Adaptive Agent Transformer for Few-shot Segmentation

Yuan Wang

Published: 06 Jul 2022, Last Modified: 24 May 2024European Conference on Computer Vision 2022EveryoneCC BY-NC 4.0

Abstract: Few-shot segmentation (FSS) aims to segment objects in a given query image with only a few labelled support images. The limited support information makes it an extremely challenging task. Most previous best-performing methods adopt prototypical learning or affinity learning. Nevertheless, they either neglect to further utilize support pixels for facilitating segmentation and lose spatial information, or are not robust to noisy pixels and computationally expensive.

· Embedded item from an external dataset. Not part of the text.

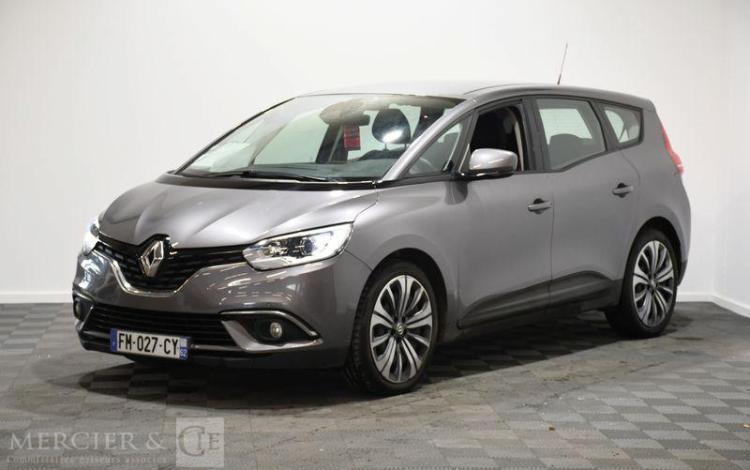 RENAULT GD SCENIC LIFE BLUE DCI 120 GRIS FM-027-CY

In this work, we propose a novel end-to-end adaptive agent transformer (AAFormer) to integrate prototypical and affinity learning to exploit the complementarity between them via a transformer encoder-decoder architecture, including a representation encoder, an agent learning decoder and an agent matching decoder. The proposed AAFormer enjoys several merits. First, to learn agent tokens well without any explicit supervision, and to make agent tokens capable of dividing different objects into diverse parts in an adaptive manner, we customize the agent learning decoder according to the three characteristics of context awareness, spatial awareness and diversity. Second, the proposed agent matching decoder is responsible for decomposing the direct pixel-level matching matrix into two more computationally-friendly matrices to suppress the noisy pixels. Extensive experimental results on two standard benchmarks demonstrate that our AAFormer performs favorably against state-of-the-art FSS methods.